Publication Abstract from PubMed
Foot-and-mouth disease virus (FMDV) is an RNA virus belonging to the Picornaviridae family that contains three small viral proteins (VPgs), named VPg1, VPg2 and VPg3, linked to the 5'-end of the viral genome. These VPg proteins act as primers for RNA replication, which is initiated by the consecutive binding of two UMP molecules to the hydroxyl group of Tyr3 in VPg. This process, termed uridylylation, is catalyzed by the viral RNA-dependent RNA polymerase named 3D(pol). 5-Fluorouridine triphosphate (FUTP) is a potent competitive inhibitor of VPg uridylylation. Peptide analysis showed FUMP covalently linked to the Tyr3 of VPg. This fluorouridylylation prevents further incorporation of the second UMP residue. The molecular basis of how the incorporated FUMP blocks the incorporation of the second UMP is still unknown. To investigate the mechanism of inhibition of VPg uridylylation by FUMP, we have prepared a simplified 15-mer model of VPg1 containing FUMP and studied its x-ray crystal structure in complex with 3D(pol). Unfortunately, the fluorouridylylated VPg1 was disordered and not visible in the electron density maps; however, the structure of 3D(pol) in the presence of VPg1-FUMP showed an 8 A movement of the beta9-alpha11 loop of the polymerase towards the active site cavity relative to the complex of 3D(pol) with VPg1-UMP. The conformational rearrangement of this loop preceding the 3D(pol) B motif seems to block the access of the template nucleotide to the catalytic cavity. This result may be useful in the design of new antivirals against not only FMDV but also other picornaviruses, since all members of this family require the uridylylation of their VPg proteins to initiate the viral RNA synthesis.

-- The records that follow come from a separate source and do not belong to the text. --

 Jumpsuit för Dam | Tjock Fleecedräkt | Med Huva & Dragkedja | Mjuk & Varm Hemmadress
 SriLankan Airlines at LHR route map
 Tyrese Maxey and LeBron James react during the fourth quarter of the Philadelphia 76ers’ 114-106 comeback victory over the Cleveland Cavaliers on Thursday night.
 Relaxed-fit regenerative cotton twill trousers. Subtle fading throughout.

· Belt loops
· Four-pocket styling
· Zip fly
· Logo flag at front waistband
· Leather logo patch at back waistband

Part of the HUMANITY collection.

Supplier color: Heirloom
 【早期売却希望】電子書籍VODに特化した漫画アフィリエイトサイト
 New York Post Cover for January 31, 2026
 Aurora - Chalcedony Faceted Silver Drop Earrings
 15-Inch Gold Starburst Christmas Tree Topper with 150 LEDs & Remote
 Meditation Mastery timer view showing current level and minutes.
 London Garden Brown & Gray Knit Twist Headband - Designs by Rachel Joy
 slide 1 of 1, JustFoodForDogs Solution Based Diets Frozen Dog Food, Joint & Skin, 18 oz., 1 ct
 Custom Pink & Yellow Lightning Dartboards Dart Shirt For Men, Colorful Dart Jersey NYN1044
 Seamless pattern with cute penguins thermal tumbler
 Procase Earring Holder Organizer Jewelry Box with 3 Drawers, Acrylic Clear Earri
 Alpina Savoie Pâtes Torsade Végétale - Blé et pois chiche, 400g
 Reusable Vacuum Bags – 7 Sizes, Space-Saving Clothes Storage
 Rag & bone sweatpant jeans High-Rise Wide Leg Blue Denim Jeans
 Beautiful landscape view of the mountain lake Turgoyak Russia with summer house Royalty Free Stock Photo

(F)uridylylated Peptides Linked to VPg1 of Foot-and- Mouth Disease Virus (FMDV): Design, Synthesis and X-Ray Crystallography of the Complexes with FMDV RNA-Dependent RNA Polymerase.,de Castro S, Ferrer-Orta C, Mills A, Fernandez-Cureses G, Gago F, Verdaguer N, Camarasa MJ Molecules. 2019 Jun 26;24(13). pii: molecules24132360. doi:, 10.3390/molecules24132360. PMID:31247979[1]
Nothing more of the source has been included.